Dans ce paragraphe je ne discuterai pas de l’autorité que l’auteur se donnerait à lui-même. Christophe Clavé ne se prévaut pas d’une autorité quelconque: il a publié un billet de blog personnel, sans arguer qu’il a plus raison que les autres parce qu’il a des titres. C’est une marque d’honnêteté intellectuelle qui est à son honneur.

Le point que je souhaite discuter ici est l’ensemble des références qui sont mises en avant par certains de ceux qui partagent son billet pour lui conférer une autorité linguistique appuyant son propos.

Christophe Clavé est un professeur, titulaire d’un MBA et ancien élève de Science Po. Ces titres supposent une certaine culture générale, et un domaine d’expertise précis. Ce qui ne lui donne aucune autorité en matière de ce qui est bien pour une langue. Il ne s’en prévaut pas lui-même. Il serait bon que tous ses partageurs respectent et suivent ce principe.

Relativiser l’argumentaire

L’histoire est riche d’exemples et les écrits sont nombreux de Georges Orwell dans 1984 à Ray Bradbury dans Fahrenheit 451 qui ont relaté comment les dictatures de toutes obédiences entravaient la pensée en réduisant et tordant le nombre et le sens des mots

Le problème dans cette partie de l’argumentation est que la notion d’histoire et de fiction sont mélangées dans une seule phrase.
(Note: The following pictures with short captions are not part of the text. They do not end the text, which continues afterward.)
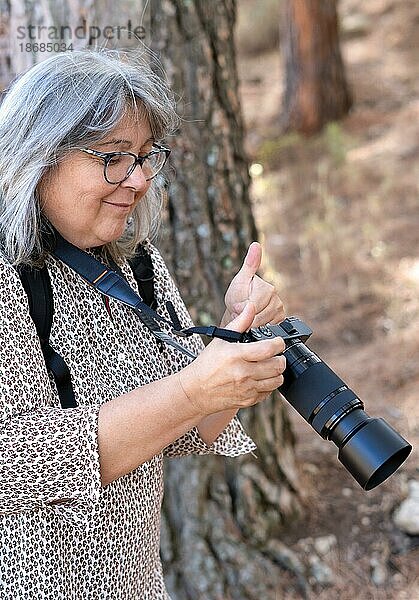Weißhaarige  bebrillte Fotografin lächelt  während sie die Fotos auf ihrer Kamera mit einem zustimmenden Nicken betrachtet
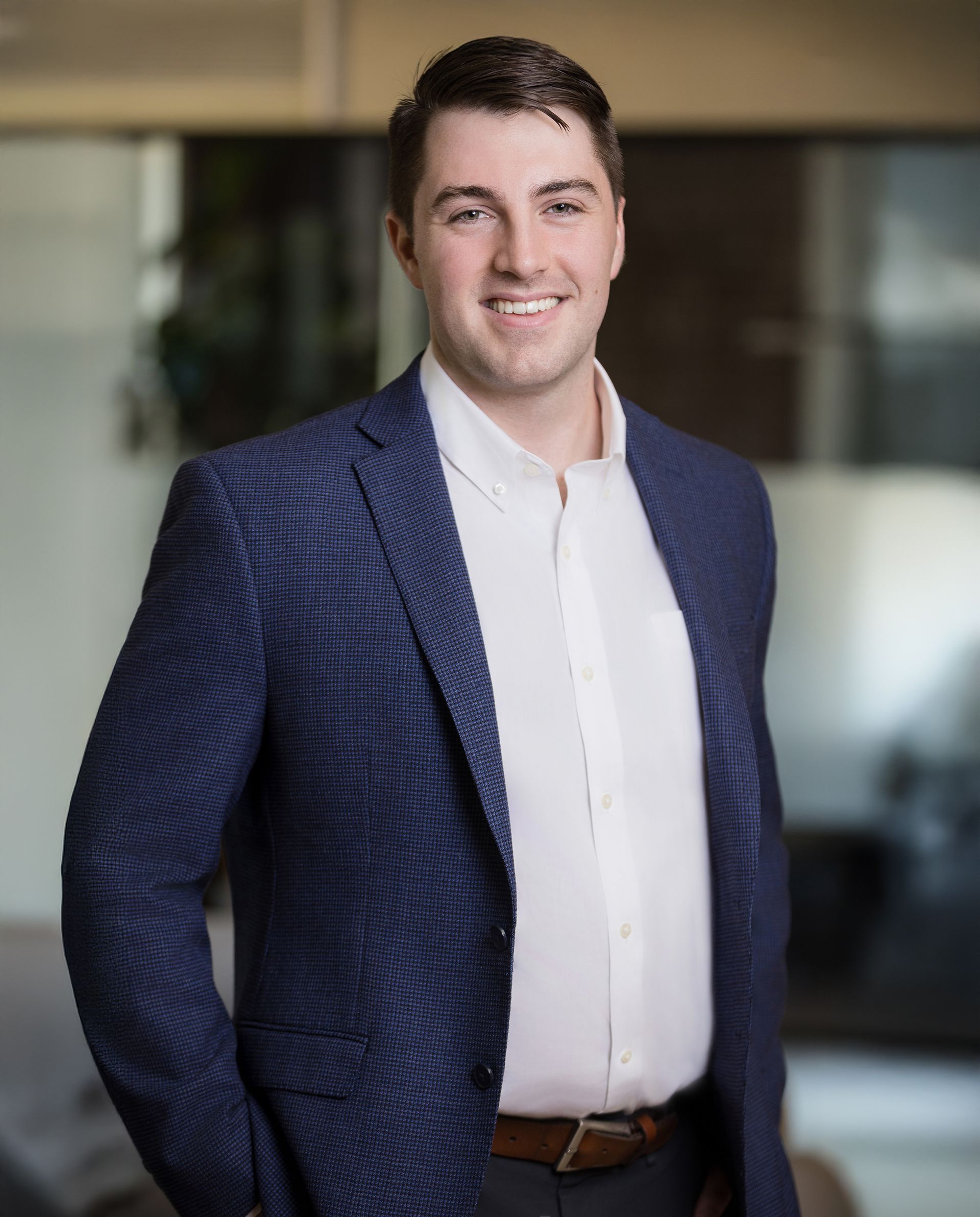 A man in a suit and white shirt is smiling for the camera.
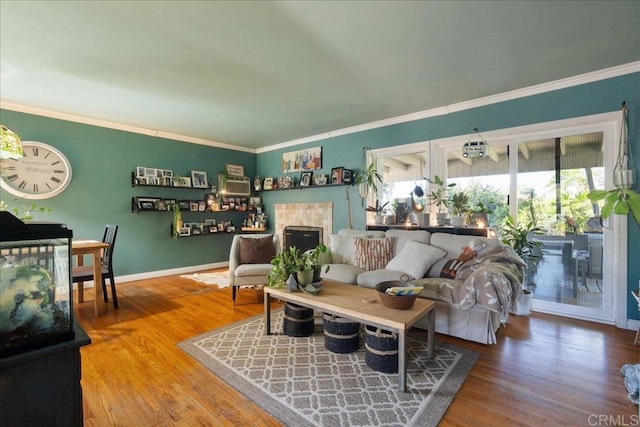 646 Downer Ave, El Cajon, CA 92020 - living area with crown molding, a fireplace, and wood finished floors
Si l’auteur cite bien Orwell et Bradbury dans le cadre le la fiction, il ne cite aucun exemple historique. Cela participe à la mise en place d’un mille-feuille argumentatif. Ce procédé laisse certains arguments faibles profiter d’arguments plus forts mais sans connexion directe. Il faut être très critique vis-à-vis de ces constructions!
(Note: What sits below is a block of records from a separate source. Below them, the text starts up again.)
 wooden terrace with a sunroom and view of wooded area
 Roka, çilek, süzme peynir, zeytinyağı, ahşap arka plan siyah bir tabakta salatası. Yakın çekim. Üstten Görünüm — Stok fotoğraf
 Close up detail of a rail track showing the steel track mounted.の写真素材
les écrits sont nombreux de Georges Orwell dans 1984 à Ray Bradbury dans Fahrenheit 451 qui ont relaté comment les dictatures de toutes obédiences entravaient la pensée en réduisant et tordant le nombre et le sens des mots.
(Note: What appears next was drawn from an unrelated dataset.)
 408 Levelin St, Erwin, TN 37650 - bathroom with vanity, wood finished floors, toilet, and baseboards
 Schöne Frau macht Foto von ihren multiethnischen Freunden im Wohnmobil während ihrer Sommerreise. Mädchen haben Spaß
L’argument est difficilement recevable, dans la mesure où il inverse la construction normale d’une langue. L’appauvrissement de la langue dans ces dystopies vient d’une volonté politique de limiter la capacité d’expression de la population. Alors que la construction d’une langue part de la population qui a besoin de s’exprimer. Donc c’est utiliser une affirmation pour étayer quelque chose qui est en totale inversion causale.

Comment construire une pensée hypothético-déductive sans maîtrise du conditionnel?

Ici est faite la confusion entre la sémantique et la grammaire. Ce n’est pas parce qu’une langue n’a pas de conditionnel grammatical qu’elle ne connaît pas la possibilité d’exprimer une condition. On est ici dans le sophisme d’une question sans réponse, qui oriente grandement le lecteur vers la conclusion qu’on attend de lui qu’il tire. C’est un procédé fallacieux qui, s’il est puissant en rhétorique, n’est pas correct lorsqu’on souhaite rendre compte du monde qui nous entoure.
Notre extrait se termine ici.